Arkası çorap söküğü gelir. Bianca’ya, erkek cinsel organının belirgin olduğu bir heykel fotoğraf verilir, cinsel dürtülerini canlandırmak için. Kız haz almaya zorlar kendini ama başaramaz. Kırmızı gülü de göle atar.
Derken Bianka’yı ve ergenlik çağındaki kızları, iki öğretmenin nezaretinde insansız, tarihi ve resmi modern binaların önünden geçirilerek meçhule giden yolcusuz bir trene bindirildiklerini görürüz. Bu tekinsiz tren kızları bomboş bir istasyonda bıraktıktan sonra öğretmenleri alıp geri döner. Dış dünya hakkında hiçbir fikri olmayan , modern bir kentin orta yerinde terk edilmeleri , akla bir felakete sürüklenebileceklerini getirir. Kızlar fıskıyeli kocaman süs havuzlarını gördüklerinde çocuk olduklarını hatırlarlar. Neşe içinde fıskiyelerin altına girerek eğlenirler. Bir ara Bianca fışkıran suların arasından genç bir delikanlıyla bakışır. Birbirlerine gülümserler.

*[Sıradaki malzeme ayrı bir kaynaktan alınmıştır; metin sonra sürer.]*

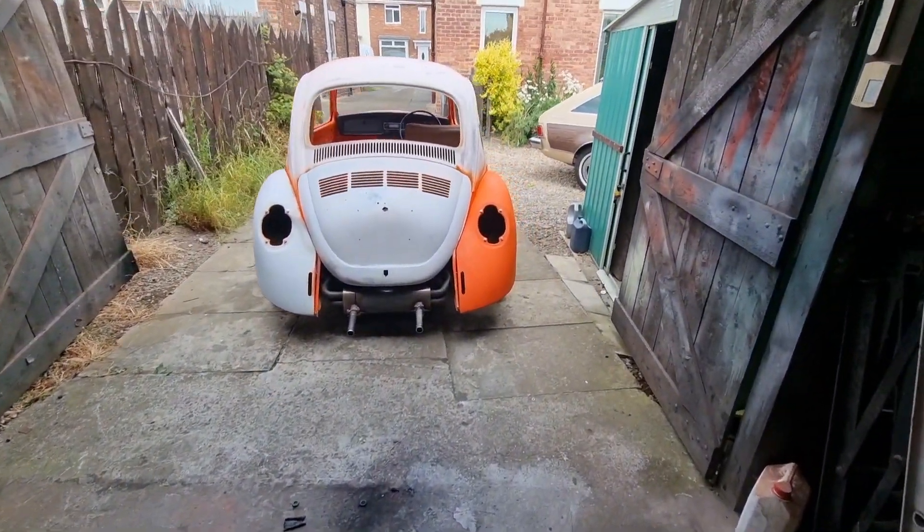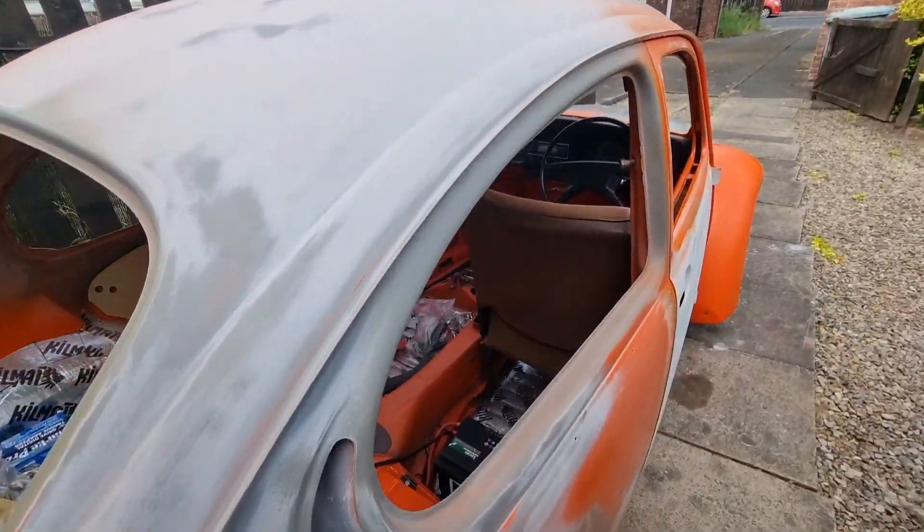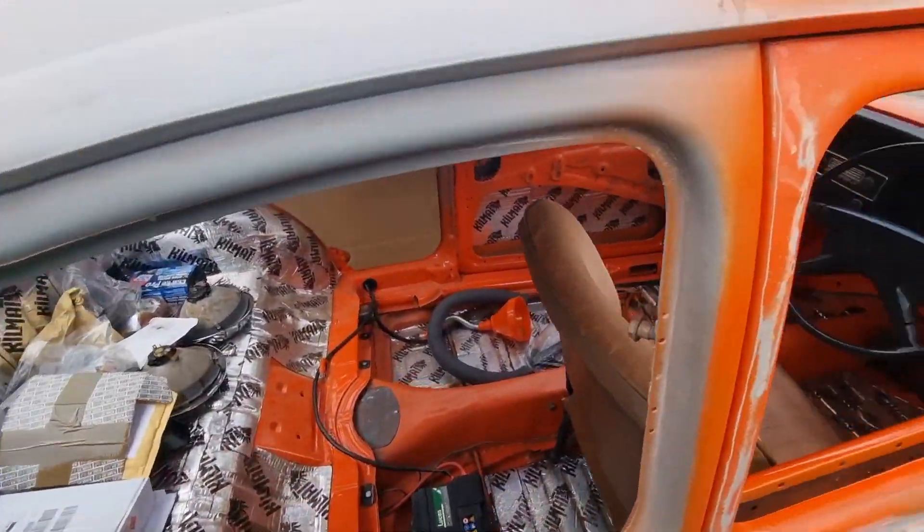My master cylinder is leaking so I can't get the brakes right. I thought they're stopping the car. Just got to get all this out ready to go for paint.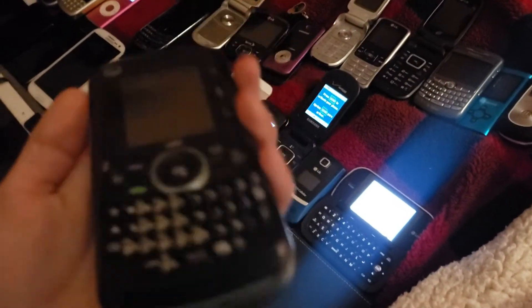This is my LG VX6100 — this one works. This is my Motorola V195S — this one is water damaged. This is my Samsung SGH T349 — this one does not recognize my SIM card. This is my iPod Nano 2nd generation — this one works. This is my Motorola i465 — this one does not work.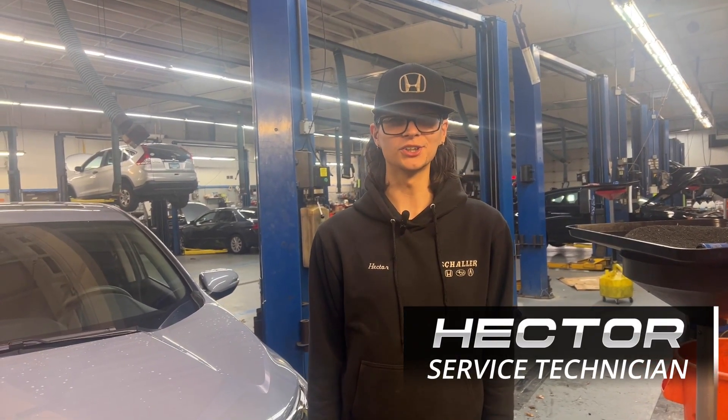Hi, my name is Hector. I'm a technician here at Shaler Honda. Today we're going to be walking you through the oil change process.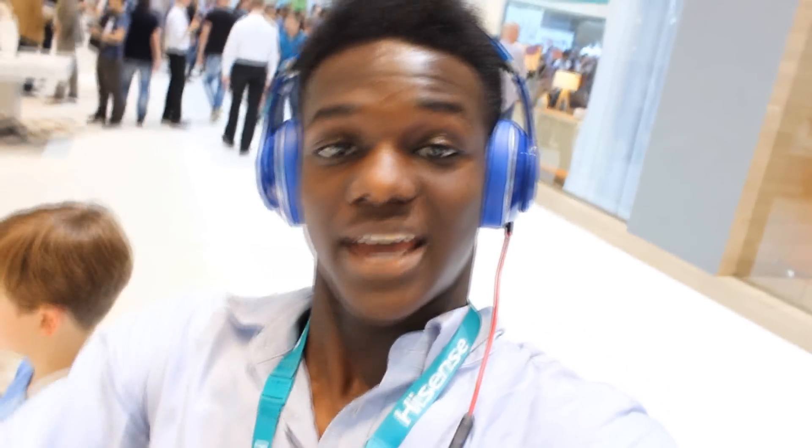I will be bringing you guys a whole bunch more coverage of IFA Berlin. Make sure to hit the subscribe button and hit the thumbs up button. It's really, really loud in here, as you guys can see. So I'm going to go off to another booth where we can get our hands on some more phones. I will see you all in the next video. Have a great day guys. Peace.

Film , yorumu izleyiciye bırakır. Bale gösterisinden sonra kızlardan “başka hizmetler “ beklenip beklenmediği anlaşılmaz. Kesin olan şey, ergenliğe ulaşmış kız “işe yaramamaktadır”. Zaten kızlar okuldan ayrılmadan önce , kurdelelerini çıkarıp kutuya koyarlar, gelecek olan “taze kuvvet “ e verilmek üzere. Filmde çeşitli simgelerle tarihsel , fahişelik / seks işçiliği döngüsünün kaçınılmaz olduğu ima edilir. Dolayısıyla Bianca geçmişi geride bırakıp bakıştığı delikanlıyla gençliğinin tadını mı çıkaracaktır; yoksa fuhşa zorlanarak sistemin parçası mı olacaktır?Çok seçenekli bir yaşam! Bale sanatını bile sömürü nesnesi haline getirebilen sistem ! ‘Görünmez efendiler’in hayal güçlerini de devreye sokarak yaşadıkları “göz banyosu” türü dikizci, çarpık zevklerini– bale dersinde bacak arasını açarak dans etmeleri için uyarılıyordu kızlar- sineye eken kandırılmış çocuklar, hayata tutunabilecekler mi? En önemlisi insanlara güvenebilecekler mi? Finalden sonra izleyici olmaktan çıkıp zihnimizdeki soru işaretleriyle cebelleşmeye başlıyoruz. Bu arada savaşlarda kadınların, çocukların başına neler gelebileceğini akıldan geçirmek bile korkunç!